11/11/2012
Chapter One
Twenty-one year old Tyler Lucas woke easily to the beeping of his alarm clock. The glowing red numerals the same every morning: 4:30. Throwing back the comforter, he slid from the sheets. Seven days a week, this was his life and he loved it as well as his job--the leading jockey at the Detroit Racetrack two years running, with a third on the cusp.
Padding down the hall to the kitchen as he had many times before, he marveled at the difference between life today and how it was as a kid, bare feet on cold, grimy concrete timidly scooting down to the dormitory bathroom. It was a far cry from the plush carpet his toes now sunk into. Most days he didn’t dwell on this, but then there were some mornings, sitting alone in the kitchen of his upscale townhome, he struggled to keep those thoughts at bay. They would march right back into his life as if they had never left. Like this morning while sipping coffee, those things he had endured as a child pecked at the shell of his memory. As long as he could remember, hardships and insecurities had been a part of his everyday life. He recalled how his mother had lugged him from track to track, living in pay-by-the-week motels and tack rooms while she worked for an array of trainers.
Even his first job at ten, walking hots, weaseled its way into his thoughts. He would be handing her the money to buy beer or something else she thought she couldn’t do without. Even into his early teens there was no hope for a future or none that he could see. Not until his mother started cleaning stalls for old Blackie Nelson, a widower who took an interest in Tyler and his well-being. He would always look fondly on the day Blackie had legged him up on the pony, teaching him how to tie a knot in his reins. That was the very moment he knew his life had changed.
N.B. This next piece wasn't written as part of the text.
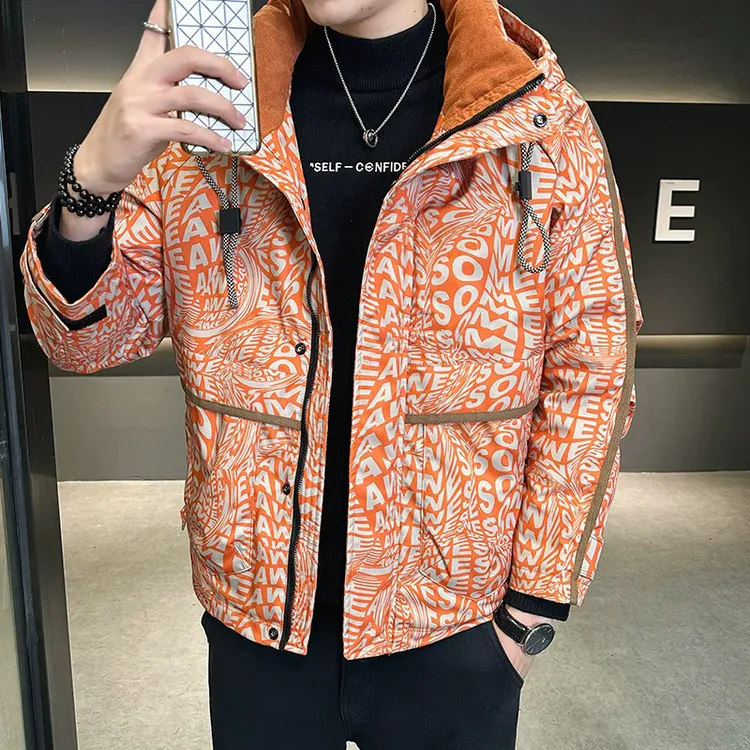 GUNEBOLURWA新款男士连帽字母印花防寒保暖冬季加厚外套羽绒服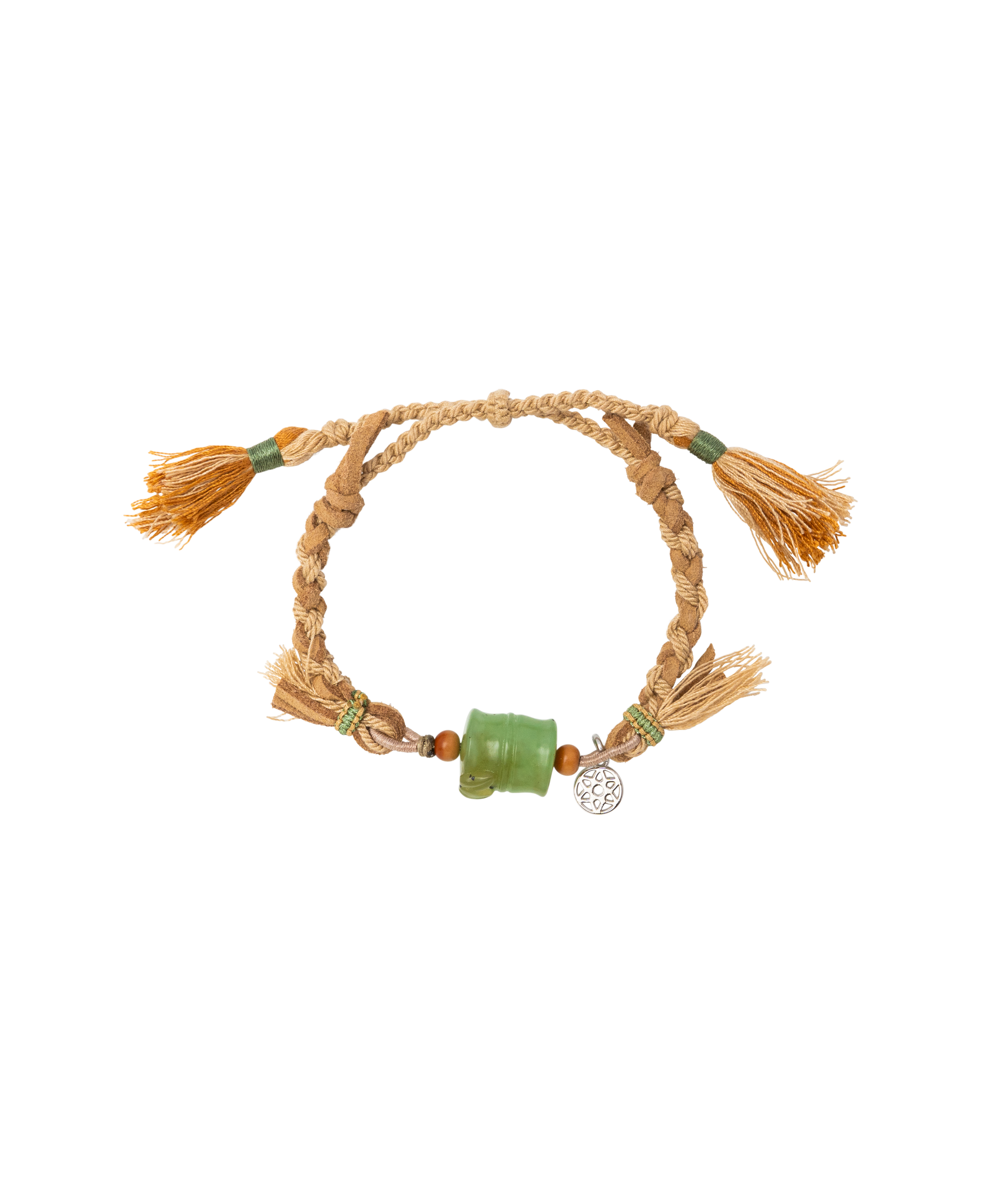 Nephrite Jade Green Bamboo Braid Bracelet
That old man had coached and trained him right into riding in his first race by the time he was seventeen. And even though he hadn’t won, just thinking of it always made him smile. He would always be grateful to Blackie for that, and for all that he now had, like money in the bank, a new pick-up, and a future that was in contrast to the way he had been raised.
One of the things he had never done, though, was blame his mother for the life they had lived, nor doubting her love for him. He only wished love would have kept her from a life of destruction. But it hadn’t; on the day he had won his first race she had died of a drug overdose. She had been thirty-seven.
All through Tyler’s life before her death, she had clung to a tattered old picture of a jock winning a race in Chicago. She had carried it wherever they went, tacking it up on every wall of every rat-hole they had ever stayed in. He hadn’t known his father, hadn’t cared to. Yet, when he was younger, he had often asked about the jockey in the picture. Bonnie Lucas sadly answered that he was some cowboy down in south Texas and that his name was Johnny Harwood.